She had overcome huge challenges and proved that a woman could be just as good in business as any man—and far better than those who defrauded her with their depreciating paper money.
Read MoreAs Good As Any Man
As Good As Any Man
By Lawrence W. Reed
“Extreme” describes the highs and lows in Martha Coston’s remarkable life. Widowed with five children at the age of 32, she was beginning to recover from the unexpected loss of her husband when two of her children and her mother died. Depressed and penniless with three surviving children facing a bleak future, she managed to turn adversity into success through sheer pluck and willpower.
Coston was born Martha Jane Hunt in Baltimore in 1826 but moved to Philadelphia with her mother a decade later when her father died. When she was 16, she eloped with 21-year-old Benjamin Coston, a nautical engineer and promising inventor. His work in pyrotechnics and on early gas lighting earned him notable attention, but his life was cut short by a combination of pneumonia and chemical poisoning.
Poring over Benjamin’s papers, Martha discovered drawings for a pyrotechnic signal (or “flare”) that would allow ships to communicate with the shore or with each other at night or in fog. Benjamin had labored over the idea but never progressed beyond plans on paper.
For ten years, Coston worked to perfect her late husband’s work, including the proper “recipe” for flares that burned red, white, and blue and then a system (a sort of “Morse code”) that would permit messaging by flare.
On April 5, 1859, she presented her results to the world: a pyrotechnic signaling flare and code system. It worked beautifully. Reliable ship-to-ship and ship-to-shore communications were possible for the first time.
Inventing something useful doesn’t translate into money unless the invention can be marketed, but Coston had no experience in business. Nonetheless, she started her own company to produce and sell her flares, one that lasted more than 125 years.
To the amazement of many, the widowed inventor blossomed into a successful entrepreneur. At first, she downplayed her gender, even using a man’s name in communications to improve the chance that men would be willing to do business with her. “We hear much of the chivalry of men towards women” she wrote, “but let me tell you dear reader, it vanishes like dew before the summer sun when one of us comes into competition with the manly sex.”
With the coming of the Civil War, Coston found a large and ready market by selling her signaling flares to the US Navy. She traveled around Europe, securing customers in both the government and private sectors. She even struck a lucrative deal with the United States Life-Saving Service, which made her product standard equipment at its lifeboat stations.
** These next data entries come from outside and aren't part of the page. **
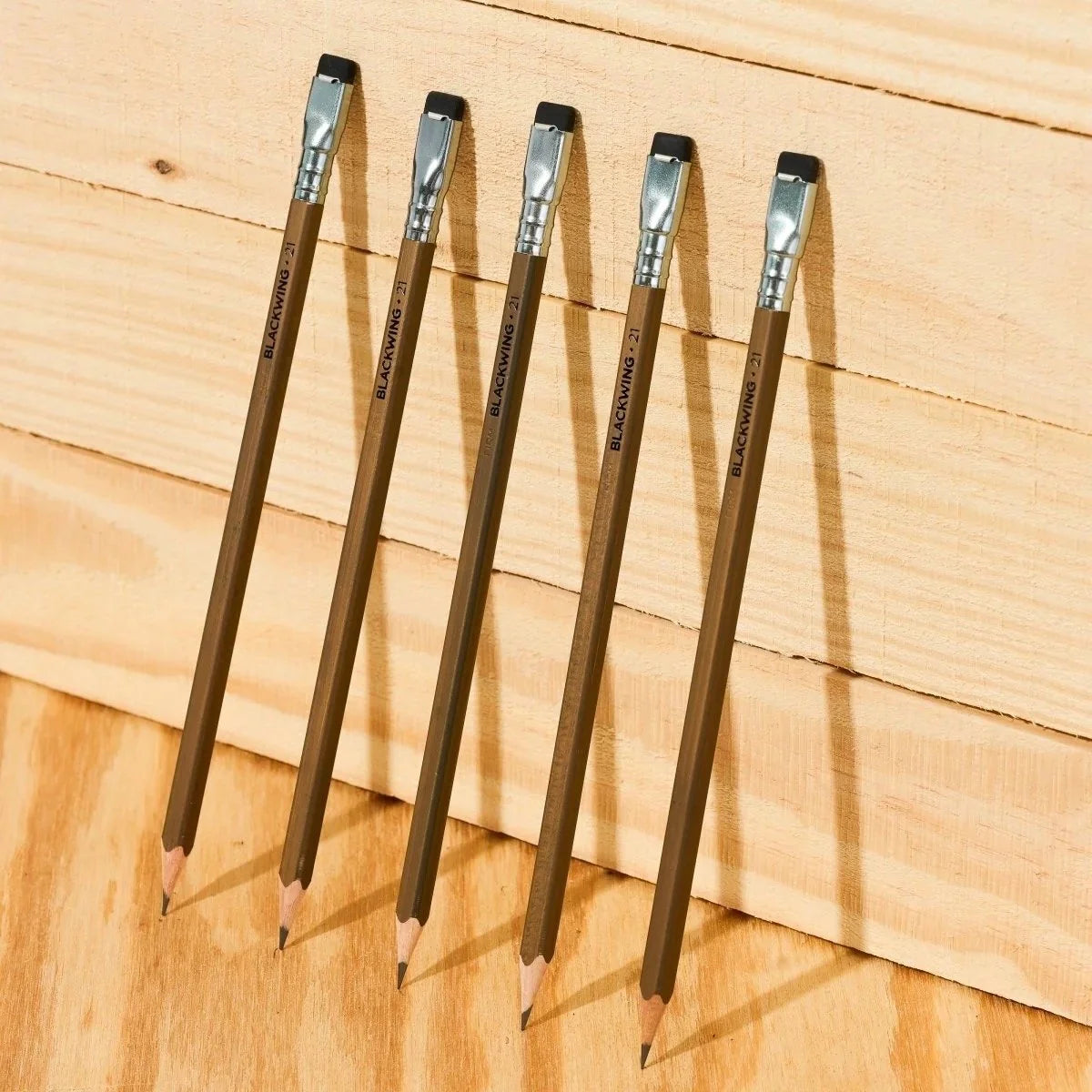 Blackwing Volume 21 Woodworking Pencil Leaning against Wood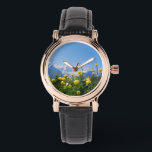 Flowers | Eiger Monch Swiss Alps Watch<br><div class="desc">This amazing Getty Images photo features the landscape of meadow with yellow flowers in the Swiss Alps in front of famous mountains Eiger Monch Jungfrau near Grindelwald and Interlaken.</div>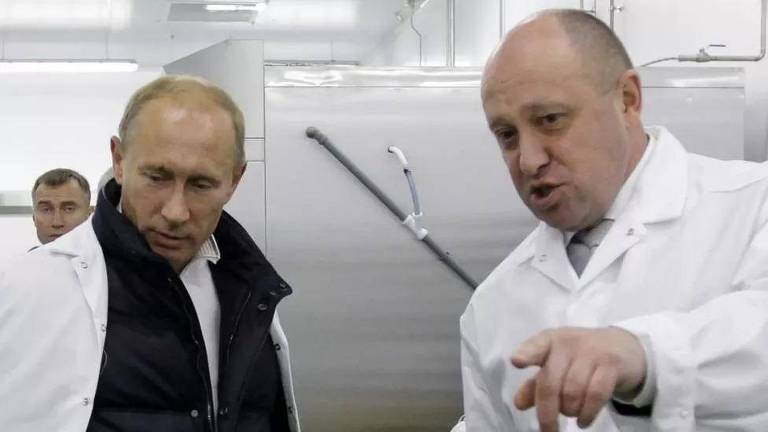 Retrato do presidente russo Vladimir Putin ao lado de Ievguêni Prigojin, líder do Grupo Wagner; ambos são homens brancos e calvos, vestidos com jalecos brancos em um laboratório; Putin está à esquerda e, além do jaleco, usa colete preto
Her biggest disappointment involved a customer that took advantage of her goodwill and patriotism. To help the Lincoln administration, Coston sold her flares and signaling system at below cost and sometimes accepted nothing more than a government IOU as payment. Washington ripped her off through its greenback inflation, eventually compensating her, in real terms, at about a quarter on the dollar. Had it not been for her skill at marketing elsewhere, she would have been bankrupt by war’s end.
Martha Coston died in 1902. She had overcome huge challenges and proved that a woman could be just as good in business as any man—and far better than those who defrauded her with their depreciating paper money.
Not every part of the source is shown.